# Phrag. kovachii 'Littlefrog Magenta Princess'



## littlefrog (Dec 29, 2020)

Just a little something blooming the other day. I've been trying to get a kovachii to bloom since flasks were legal to purchase (still have that paperwork somewhere, I think). Spent a lot of money on this project - not even sure if this is from one of those original flasks.


----------



## dodidoki (Dec 29, 2020)

Wonderful.❤


----------



## monocotman (Dec 29, 2020)

Beautiful! 
any blooming kovachii is a triumph,
David


----------



## Linus_Cello (Dec 29, 2020)

Lovely. Plans for the pollen?


----------



## littlefrog (Dec 29, 2020)

Linus_Cello said:


> Lovely. Plans for the pollen?


I put one on a nice Cardinale, and the other on... Something else. I think my good Barbara Leann. She is in there somewhere. Can't remember what I put on it. I don't have much luck with Phrag crosses - I used to but they hate me lately. On the plus side they are quick to mature.


----------



## Djthomp28 (Dec 29, 2020)

Gorgeous!!


----------



## tomkalina (Dec 29, 2020)

Nice. What's the leaf span?


----------



## Tom-DE (Dec 29, 2020)

Fantastic! Really nice color...
how big is the flower? Long-lasting?


----------



## littlefrog (Dec 29, 2020)

tomkalina said:


> Nice. What's the leaf span?


About 18", maybe a bit more


----------



## littlefrog (Dec 29, 2020)

Tom-DE said:


> Fantastic! Really nice color...
> how big is the flower? Long-lasting?


Didn't measure it (will be bigger next year), but about the length of my hand. Seems long lasting but I pollinated it a few days after it opened. Flower is still there (without a pouch) after a couple weeks, that is a good sign that the cross probably took.


----------



## emydura (Dec 29, 2020)

Congratulations Rob. That is just wonderful.


----------



## Dawn (Dec 29, 2020)

Beautiful!


----------



## PeteM (Dec 29, 2020)

Do tell do tell.. what are the secrets to unlocking this flower!!


----------



## KateL (Dec 30, 2020)

Congratulations Rob I have, over a short time frame, been trying to grow some up from various flasks, too. No luck yet, but you give me hope.


----------



## NYEric (Dec 30, 2020)

Nice. Congrats! You are in the exclusive club.


----------



## Hien (Dec 30, 2020)

The contrast color between purple and white is wonderful


----------



## Justin (Dec 30, 2020)

That rich purple is incredible. Fingers crossed for mine to bloom soon.


----------



## southernbelle (Dec 30, 2020)

This is so much prettier than any previous kovachii I’ve seen. Love the deep purple and the white dorsal. Congrats!


----------



## cnycharles (Dec 30, 2020)

Congrats! I hear people have the most success with ebb/flood or something similar


----------



## cpmaniac (Dec 30, 2020)

Well done! Such a beautiful flower... I haven't been able to coax my Phrag. kovachii into bloom. Your plant is certainly an impetus to keep trying.


----------



## littlefrog (Dec 30, 2020)

PeteM said:


> Do tell do tell.. what are the secrets to unlocking this flower!!

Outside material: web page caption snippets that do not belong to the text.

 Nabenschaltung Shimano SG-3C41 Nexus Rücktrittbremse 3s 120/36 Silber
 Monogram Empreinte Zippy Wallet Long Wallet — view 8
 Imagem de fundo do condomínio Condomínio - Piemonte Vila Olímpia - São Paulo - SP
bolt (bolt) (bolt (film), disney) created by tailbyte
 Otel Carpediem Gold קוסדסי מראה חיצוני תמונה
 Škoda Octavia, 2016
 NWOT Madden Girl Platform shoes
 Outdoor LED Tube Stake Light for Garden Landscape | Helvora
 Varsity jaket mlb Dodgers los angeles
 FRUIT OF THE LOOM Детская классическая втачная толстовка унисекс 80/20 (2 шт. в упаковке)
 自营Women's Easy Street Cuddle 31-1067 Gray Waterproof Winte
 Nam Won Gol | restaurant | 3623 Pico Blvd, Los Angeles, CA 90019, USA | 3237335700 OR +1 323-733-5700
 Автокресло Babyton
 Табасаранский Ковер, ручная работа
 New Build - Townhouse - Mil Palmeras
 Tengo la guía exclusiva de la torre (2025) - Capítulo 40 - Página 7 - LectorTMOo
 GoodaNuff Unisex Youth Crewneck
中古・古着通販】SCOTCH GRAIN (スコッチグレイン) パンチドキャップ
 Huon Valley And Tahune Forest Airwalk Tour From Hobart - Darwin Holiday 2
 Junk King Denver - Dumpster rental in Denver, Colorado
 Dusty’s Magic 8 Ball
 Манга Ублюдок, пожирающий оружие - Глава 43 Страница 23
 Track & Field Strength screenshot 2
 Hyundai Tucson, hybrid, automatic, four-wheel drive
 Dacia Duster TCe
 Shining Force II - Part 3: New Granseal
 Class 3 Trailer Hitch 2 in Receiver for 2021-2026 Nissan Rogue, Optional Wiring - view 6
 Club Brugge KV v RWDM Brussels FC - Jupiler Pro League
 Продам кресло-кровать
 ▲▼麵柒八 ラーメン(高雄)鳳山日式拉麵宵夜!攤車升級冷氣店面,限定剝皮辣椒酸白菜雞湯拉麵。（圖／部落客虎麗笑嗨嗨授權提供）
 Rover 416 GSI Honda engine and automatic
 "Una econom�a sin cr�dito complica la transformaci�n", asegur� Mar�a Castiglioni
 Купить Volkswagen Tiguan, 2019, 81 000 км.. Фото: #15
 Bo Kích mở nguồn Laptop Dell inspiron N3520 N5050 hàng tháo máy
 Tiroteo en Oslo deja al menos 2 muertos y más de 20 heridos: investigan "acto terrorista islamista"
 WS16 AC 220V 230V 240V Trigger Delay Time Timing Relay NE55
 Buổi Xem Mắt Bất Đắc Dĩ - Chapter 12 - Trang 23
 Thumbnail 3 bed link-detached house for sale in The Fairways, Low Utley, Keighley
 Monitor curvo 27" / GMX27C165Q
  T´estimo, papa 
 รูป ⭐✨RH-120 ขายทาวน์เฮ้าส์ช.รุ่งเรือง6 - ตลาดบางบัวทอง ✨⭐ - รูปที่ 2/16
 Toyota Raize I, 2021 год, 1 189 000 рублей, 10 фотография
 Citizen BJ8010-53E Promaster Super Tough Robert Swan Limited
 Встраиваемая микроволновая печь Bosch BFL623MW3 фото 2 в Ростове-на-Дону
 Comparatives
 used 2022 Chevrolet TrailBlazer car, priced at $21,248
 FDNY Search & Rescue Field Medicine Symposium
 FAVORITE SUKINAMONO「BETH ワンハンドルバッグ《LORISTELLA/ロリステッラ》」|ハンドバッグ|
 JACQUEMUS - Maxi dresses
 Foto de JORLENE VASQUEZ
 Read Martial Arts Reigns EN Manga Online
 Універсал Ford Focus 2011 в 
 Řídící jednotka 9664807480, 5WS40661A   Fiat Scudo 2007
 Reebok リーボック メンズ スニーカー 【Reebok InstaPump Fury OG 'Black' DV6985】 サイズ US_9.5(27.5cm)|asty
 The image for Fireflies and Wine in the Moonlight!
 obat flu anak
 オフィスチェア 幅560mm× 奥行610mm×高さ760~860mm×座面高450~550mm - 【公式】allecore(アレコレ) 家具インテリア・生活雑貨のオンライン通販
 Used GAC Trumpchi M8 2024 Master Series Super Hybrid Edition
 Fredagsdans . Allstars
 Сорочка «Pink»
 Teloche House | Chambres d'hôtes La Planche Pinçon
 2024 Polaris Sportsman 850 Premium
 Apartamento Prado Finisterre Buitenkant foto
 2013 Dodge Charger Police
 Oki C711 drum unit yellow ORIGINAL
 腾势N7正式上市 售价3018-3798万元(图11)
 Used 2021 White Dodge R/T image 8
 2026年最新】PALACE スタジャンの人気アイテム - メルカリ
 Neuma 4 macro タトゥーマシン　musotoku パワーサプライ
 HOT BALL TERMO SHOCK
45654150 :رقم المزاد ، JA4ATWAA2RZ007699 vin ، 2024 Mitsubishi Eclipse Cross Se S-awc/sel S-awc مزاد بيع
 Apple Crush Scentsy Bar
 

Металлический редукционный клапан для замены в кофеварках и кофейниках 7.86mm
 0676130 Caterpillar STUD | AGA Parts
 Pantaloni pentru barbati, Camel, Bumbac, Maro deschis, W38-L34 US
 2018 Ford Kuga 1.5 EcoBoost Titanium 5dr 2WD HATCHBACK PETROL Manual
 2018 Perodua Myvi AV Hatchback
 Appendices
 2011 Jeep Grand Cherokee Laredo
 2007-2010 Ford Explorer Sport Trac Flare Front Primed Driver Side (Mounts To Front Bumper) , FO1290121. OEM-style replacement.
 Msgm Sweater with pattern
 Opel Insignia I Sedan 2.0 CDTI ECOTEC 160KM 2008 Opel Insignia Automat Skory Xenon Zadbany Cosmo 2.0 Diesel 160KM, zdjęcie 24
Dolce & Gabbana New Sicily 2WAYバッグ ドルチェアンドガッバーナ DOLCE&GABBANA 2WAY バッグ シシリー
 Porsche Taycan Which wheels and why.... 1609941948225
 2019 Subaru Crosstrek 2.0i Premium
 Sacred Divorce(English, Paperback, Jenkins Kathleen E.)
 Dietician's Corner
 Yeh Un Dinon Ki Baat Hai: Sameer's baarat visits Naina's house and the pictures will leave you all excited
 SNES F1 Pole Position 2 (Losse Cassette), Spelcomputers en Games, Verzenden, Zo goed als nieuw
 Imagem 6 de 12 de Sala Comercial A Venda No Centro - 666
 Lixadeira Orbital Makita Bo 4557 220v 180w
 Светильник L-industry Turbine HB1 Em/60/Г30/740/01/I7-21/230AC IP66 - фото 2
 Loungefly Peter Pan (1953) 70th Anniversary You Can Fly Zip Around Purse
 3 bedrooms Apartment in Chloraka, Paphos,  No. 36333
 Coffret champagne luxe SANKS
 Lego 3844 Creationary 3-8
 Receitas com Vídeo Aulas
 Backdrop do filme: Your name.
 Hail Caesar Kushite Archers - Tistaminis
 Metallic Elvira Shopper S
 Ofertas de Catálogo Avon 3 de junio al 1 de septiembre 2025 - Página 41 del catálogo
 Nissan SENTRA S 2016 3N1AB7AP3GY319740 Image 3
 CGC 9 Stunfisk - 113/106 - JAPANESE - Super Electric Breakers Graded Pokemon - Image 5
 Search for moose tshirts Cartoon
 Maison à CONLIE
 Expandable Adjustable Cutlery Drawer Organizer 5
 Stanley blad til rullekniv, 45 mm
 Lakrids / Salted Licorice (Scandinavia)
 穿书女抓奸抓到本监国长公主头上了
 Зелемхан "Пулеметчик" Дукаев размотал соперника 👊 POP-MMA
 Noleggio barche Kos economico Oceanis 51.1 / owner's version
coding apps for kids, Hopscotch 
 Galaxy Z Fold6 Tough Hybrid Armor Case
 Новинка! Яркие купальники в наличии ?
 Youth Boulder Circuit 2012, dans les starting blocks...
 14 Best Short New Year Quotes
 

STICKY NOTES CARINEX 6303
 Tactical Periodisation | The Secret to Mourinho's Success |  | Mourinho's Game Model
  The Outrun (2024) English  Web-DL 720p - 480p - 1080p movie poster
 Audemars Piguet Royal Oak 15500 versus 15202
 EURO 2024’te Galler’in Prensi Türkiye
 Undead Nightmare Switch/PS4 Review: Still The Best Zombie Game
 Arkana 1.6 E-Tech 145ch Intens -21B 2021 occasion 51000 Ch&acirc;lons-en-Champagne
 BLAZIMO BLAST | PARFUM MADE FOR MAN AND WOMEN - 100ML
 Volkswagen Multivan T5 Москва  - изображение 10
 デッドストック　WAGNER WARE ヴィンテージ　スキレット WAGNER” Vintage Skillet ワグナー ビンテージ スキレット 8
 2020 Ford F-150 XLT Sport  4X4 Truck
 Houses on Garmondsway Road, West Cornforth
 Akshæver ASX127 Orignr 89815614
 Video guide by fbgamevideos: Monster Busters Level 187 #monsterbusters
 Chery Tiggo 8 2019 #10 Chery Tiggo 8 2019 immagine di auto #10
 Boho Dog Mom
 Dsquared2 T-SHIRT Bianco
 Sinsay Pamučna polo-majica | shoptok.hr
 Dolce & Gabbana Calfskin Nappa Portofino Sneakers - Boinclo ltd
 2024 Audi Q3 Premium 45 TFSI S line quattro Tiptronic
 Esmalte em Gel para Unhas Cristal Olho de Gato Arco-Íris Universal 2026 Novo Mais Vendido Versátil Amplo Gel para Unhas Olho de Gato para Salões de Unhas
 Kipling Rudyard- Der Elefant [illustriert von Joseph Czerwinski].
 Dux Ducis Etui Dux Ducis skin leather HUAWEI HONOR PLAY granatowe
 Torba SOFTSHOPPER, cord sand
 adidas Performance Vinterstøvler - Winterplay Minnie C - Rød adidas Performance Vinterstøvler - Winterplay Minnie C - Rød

Not sure. I think they are still relatively rare just because they take forever to grow... Speed will improve as more line breeding happens. You can buy a third generation flask from Chuck Acker (I think third generation) today if you want, not even that expensive - while supplies last, you'll have to take that up with him - I already have mine.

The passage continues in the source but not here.